Task description – Each line from the one bearing "Rất đông fan" through the last line of the entries below should be returned exactly, with pictures left out.
= Beginning of Section =
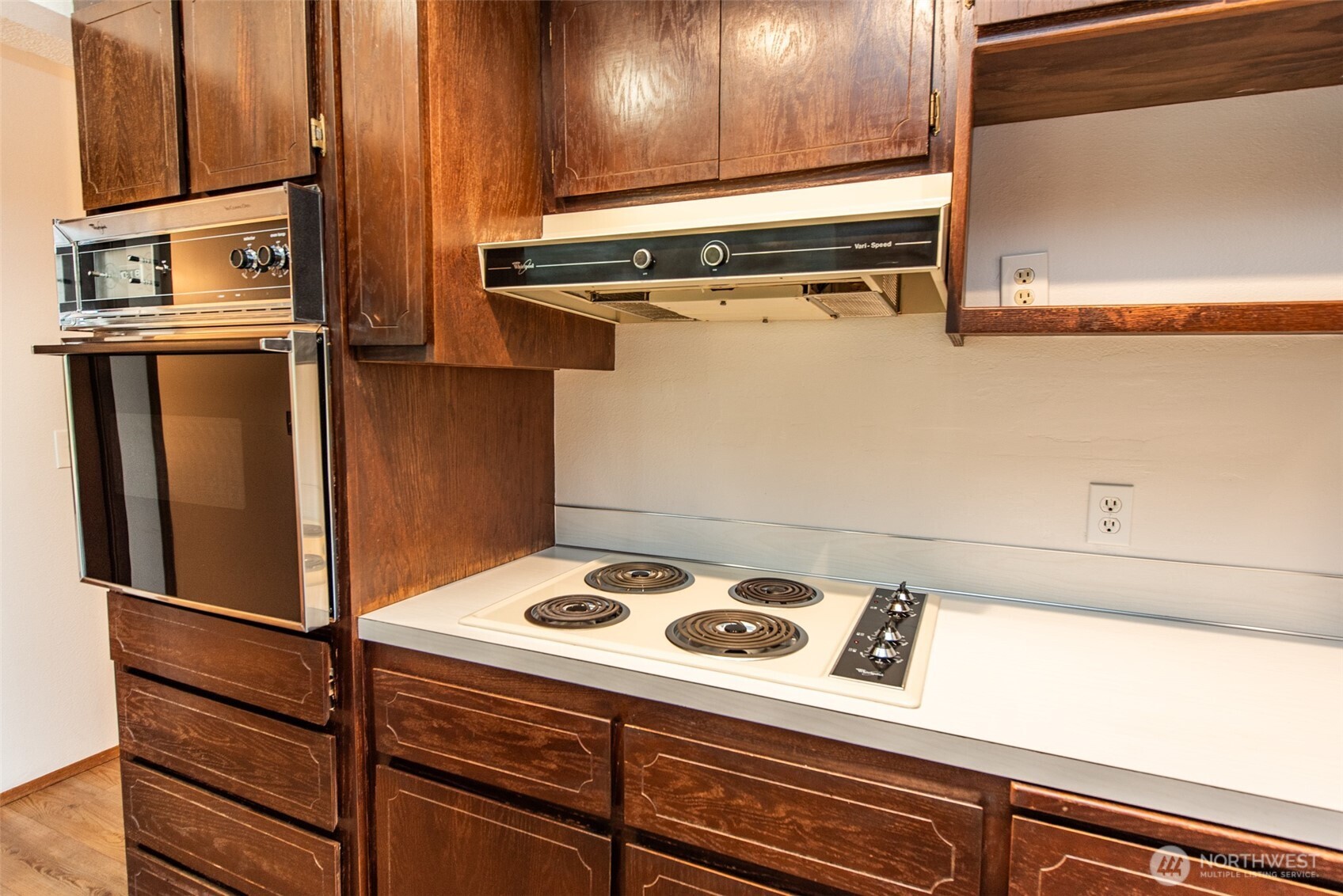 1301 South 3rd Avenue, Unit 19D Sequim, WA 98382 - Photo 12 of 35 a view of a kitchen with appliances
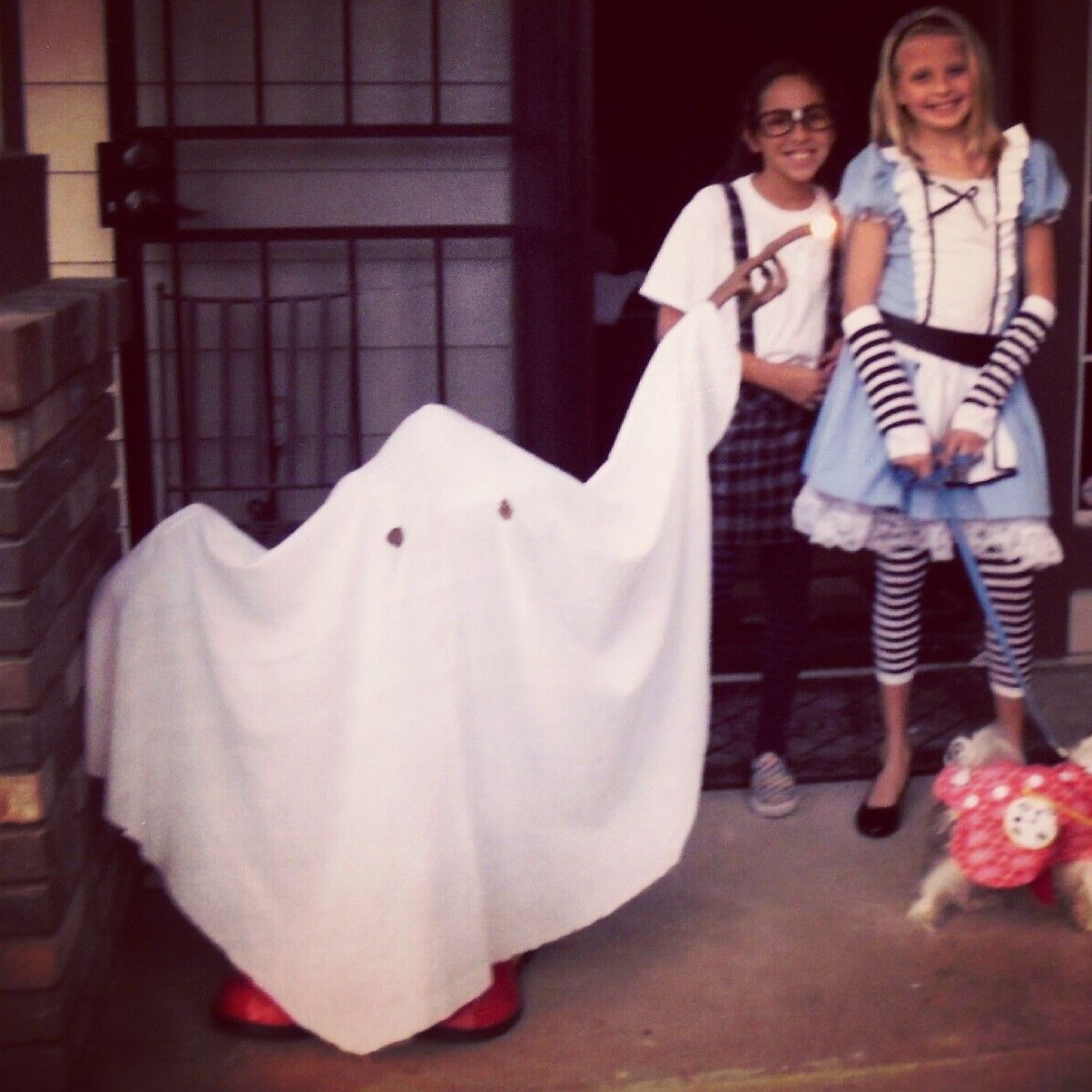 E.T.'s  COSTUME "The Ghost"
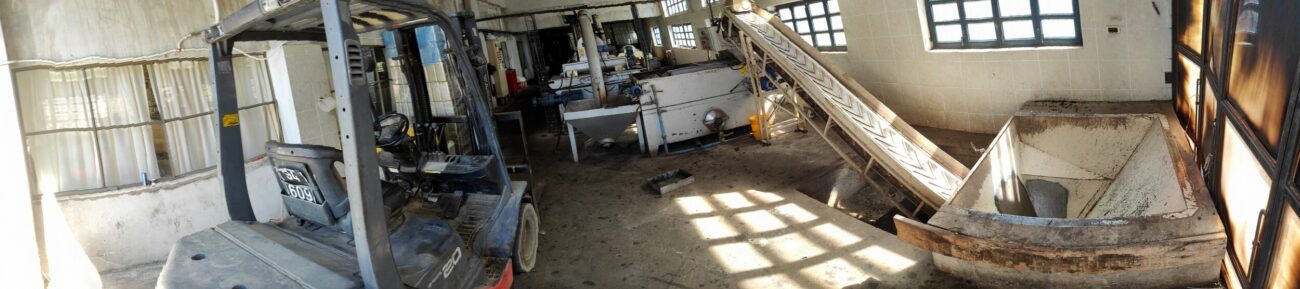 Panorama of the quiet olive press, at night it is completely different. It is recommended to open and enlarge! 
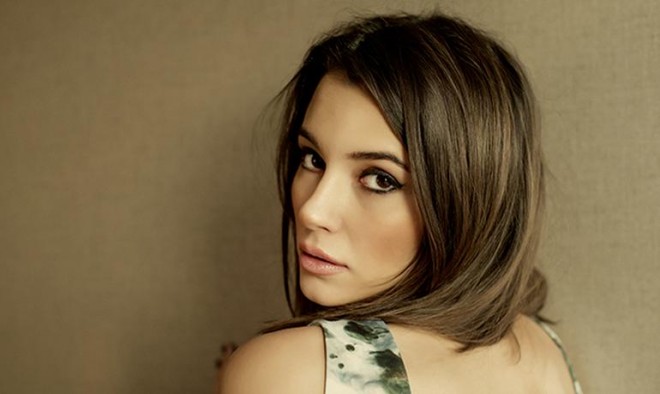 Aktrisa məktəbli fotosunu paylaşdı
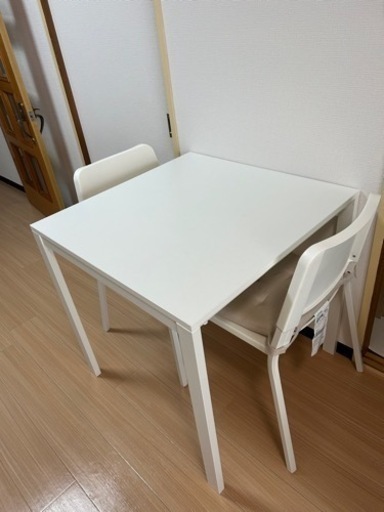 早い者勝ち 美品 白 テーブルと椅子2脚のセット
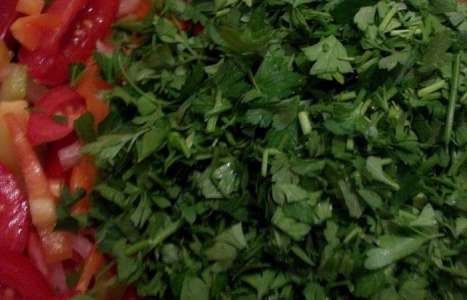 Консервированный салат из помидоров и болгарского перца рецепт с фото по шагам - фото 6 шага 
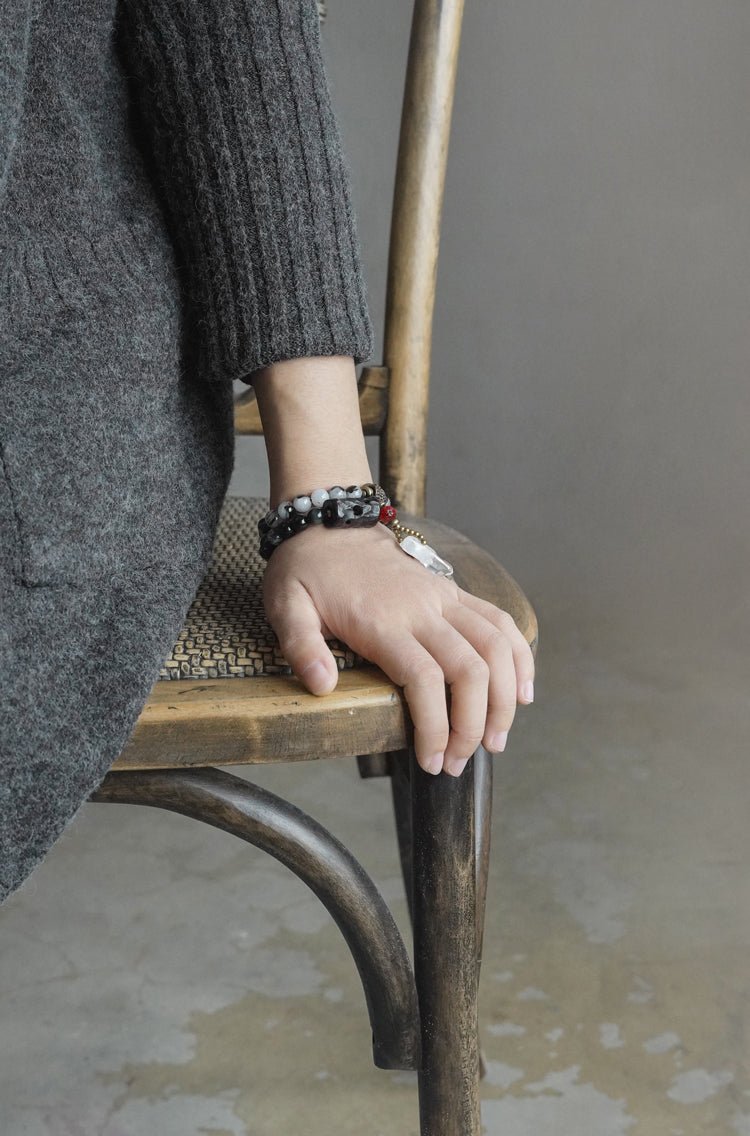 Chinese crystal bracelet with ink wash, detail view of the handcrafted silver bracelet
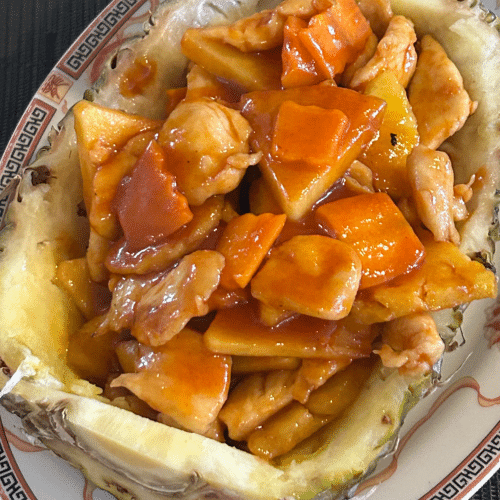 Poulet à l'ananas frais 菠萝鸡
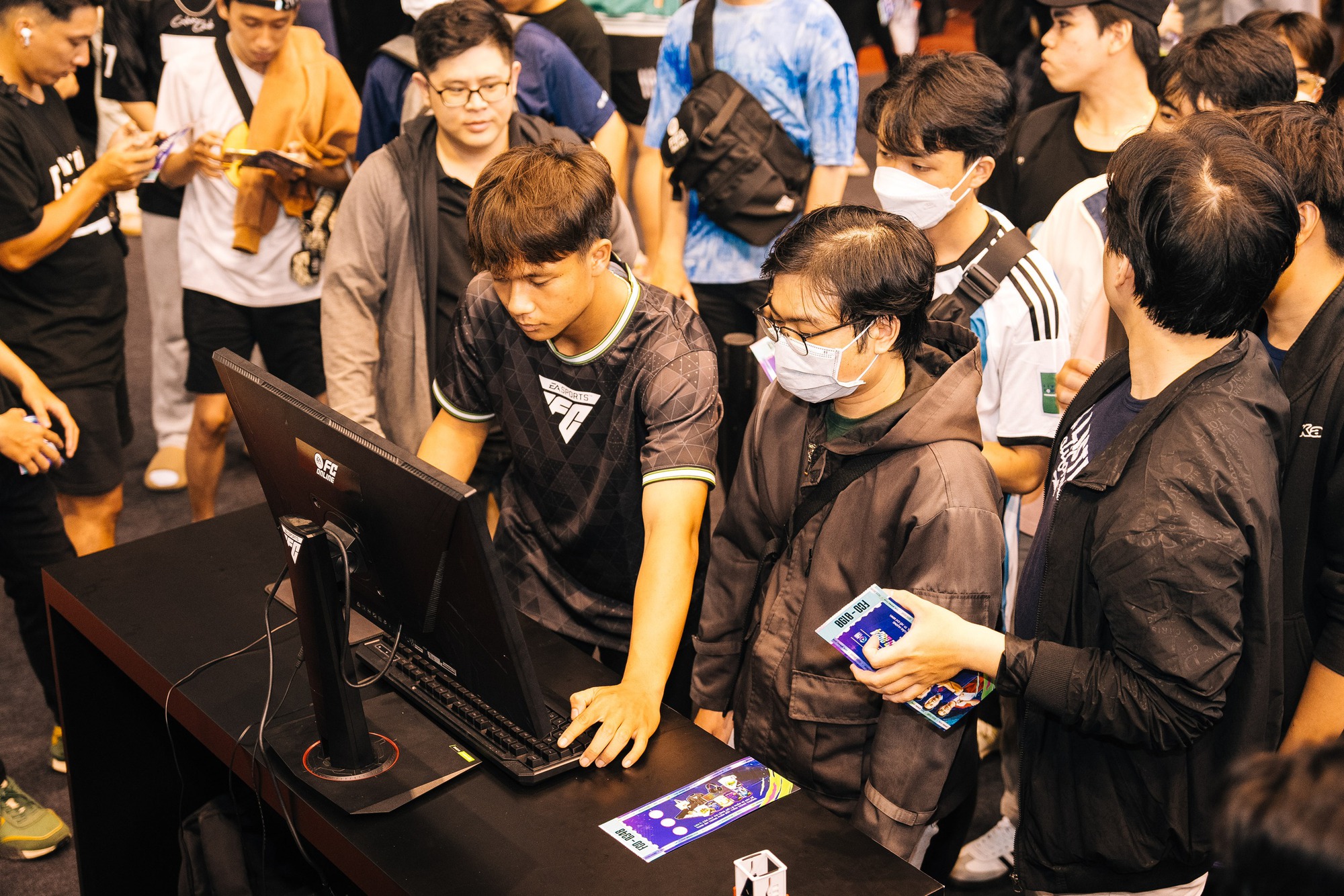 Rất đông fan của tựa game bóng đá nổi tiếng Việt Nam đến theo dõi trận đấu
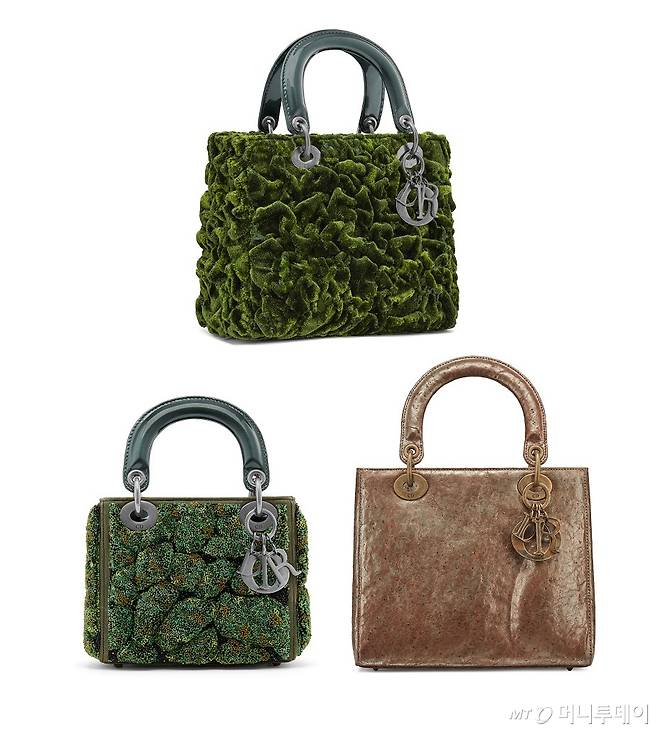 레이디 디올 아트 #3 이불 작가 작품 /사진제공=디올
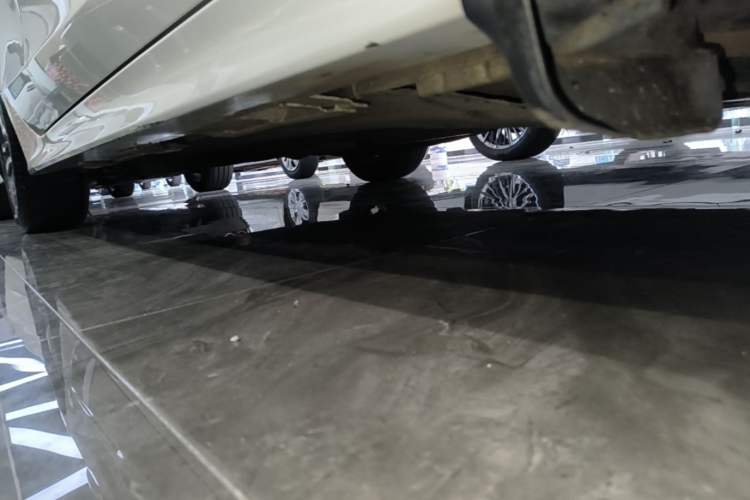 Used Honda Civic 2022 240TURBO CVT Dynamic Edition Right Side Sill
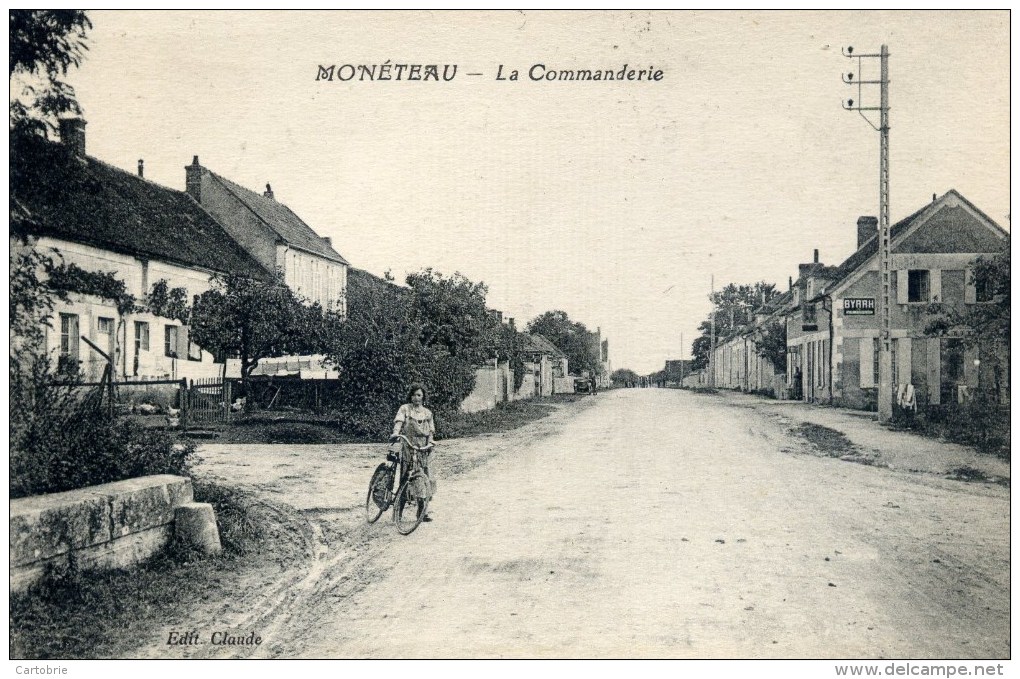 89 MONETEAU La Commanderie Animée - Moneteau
= End of Section =
Reply to the task –
 Rất đông fan của tựa game bóng đá nổi tiếng Việt Nam đến theo dõi trận đấu
 레이디 디올 아트 #3 이불 작가 작품 /사진제공=디올
 Used Honda Civic 2022 240TURBO CVT Dynamic Edition Right Side Sill
 89 MONETEAU La Commanderie Animée - Moneteau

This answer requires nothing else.